I pledged allegiance to the flag of the United States of America (and to the Republic for which it stands, one Nation under God, indivisible, with liberty and justice for all) on April 29, 2005. It was my parents’ wedding anniversary, and when I called India to wish them that morning, my mother choked as she gave her blessings, and my father asked me to convey his greetings to the White House.
Since it was a day of new beginnings, I did something I had never done before: I drove myself to downtown Los Angeles, where the naturalization ceremony was being held. As I circled the Convention Center in search of an entrance not blocked by orange cones, I accidentally missed a traffic light. It was a small intersection, unguarded by police officer or red-light camera, and one of my last thoughts as an Indian citizen was “Thank God!” The ticket would have been costly, and I had already paid enough (monetarily and otherwise) over the course of my six-year immigration saga.
I had received my resident alien card (the green card that’s white) in April 2001, and I made the decision to trade it for a US passport five months later, on Monday, September 10. That evening I attended a lecture given by an Indian man who’d migrated to LA thirty years before, and something he said made me realize how much I loved this country. That’s when I decided that when the time came, I would file for US citizenship. I awoke next morning to a grave new world, one in which the love of every American, born or naturalized, would be tried by fire.
One of the hallmarks of life in a post-9/11 world is the extensive nature of security checks, and by April 29, 2005 I had traveled enough to know that the procedure would be a long one. I was not wrong. It took almost two hours from the time I entered the Convention Center to reach my seat. (This was the second of three ceremonies being held that day, and each would be attended by six thousand new citizens.) As I inched along the serpentine line, after having my person and property searched thoroughly, I was glad that, in one of the many exchanges this day represented, I had traded vanity for comfort by wearing low heels.

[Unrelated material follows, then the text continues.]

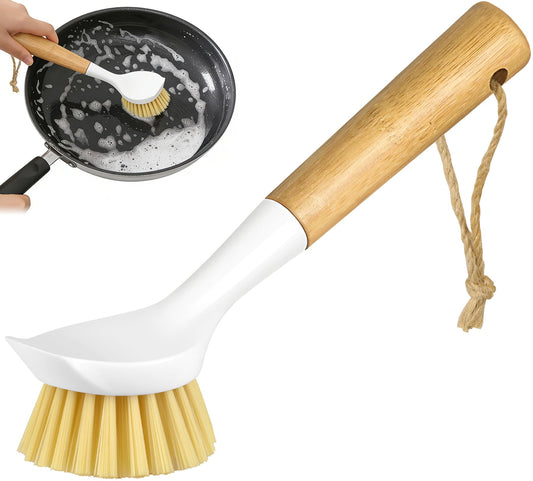 SOGCASE Dish Brush with Handle,Kitchen Scrub Brushes for Cleaning, Dish Scrubber with Stiff Bristles for Sink, Pots, Pans, 1 Pack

At the end of the line I received a packet that included a booklet containing some important American documents (such as the Declaration of Independence), a letter from the President, and my first flag. “I hope it’s not made in China,” I remarked, and the woman in front of me (who was not Chinese) turned around and frowned, to chide me for entertaining such an unpatriotic thought. I grinned back, then heaved an exaggerated sigh when I spotted “Made in USA” printed in microscopic type on the bottommost stripe.
Despite my attempts to memorize every detail of the oath ceremony, most of it went by as a blur and I can remember only three things with clarity. The judge administering the oath told the story about how his mother had migrated to New York from the Eastern Bloc. After chronicling how immigration had changed her life for the better (initial struggles notwithstanding), the judge reminded us about the rights, privileges, and duties we were about to assume, concluding his speech with a statement that made me tear up. “From today America is not just your home,” he said. “It’s your country.”
My other memories are less sublime. The woman who sang “The Star-Spangled Banner” was unable to hit the high note at the end of “the land of the free,” making me wish that “America, the Beautiful,” with its easier tune, had been the national anthem. Second, this being LA, could anything happen without at least one celebrity in the picture?
A soap star’s South African husband was becoming naturalized, and the entire family had been given VIP seats in the front row (while other people’s friends and relatives were relegated to a dim, cordoned-off area at the back). When the ceremony ended, several officials stopped by to congratulate the man and get his wife’s autograph. Since no one was pestering me thus, I gathered my belongings and left the hall waving my new flag.
After receiving my naturalization certificate, I walked to the terrace overlooking the Staples Center (splashed with a giant Kobe) and was enjoying a bird’s-eye view of the city when I heard the flapping of papers behind me. I turned around to see a woman dressed in red, white, and blue (top hat et al) waving a form at me. She pointed to the Republican and Democrat booths at the other end of the terrace and thrust the voter registration form into my hand, saying very slowly, “Have. You. Reg. Is. Tered. To. Vote?”
At the time I felt sorry for her, thinking she had a speech impediment, but I later realized that she probably thought me one of those new citizens who didn’t know the language very well. (And I must admit, I was still learning American English.) So much as I wanted to keep gazing at Kobe and the San Gabriels, my compassion for the lady moved me to accept the form with a sympathetic smile, but what I did next was inspired by more than compassion for a new compatriot. Having just crossed the Rubicon, I knew I must do my civic duty. Ergo, I went, I registered, I voted.
When I checked my mailbox last night, I was relieved to find only one piece. Usually my box is filled with flyers and other junk that I then have to make an effort to discard (my building’s dumpster has a very heavy lid). But this wasn’t junk, so I must now make an effort to keep it (with the other paperwork cluttering my desk). I must keep it because it’s a reminder to do one’s civic duty, as all good citizens should.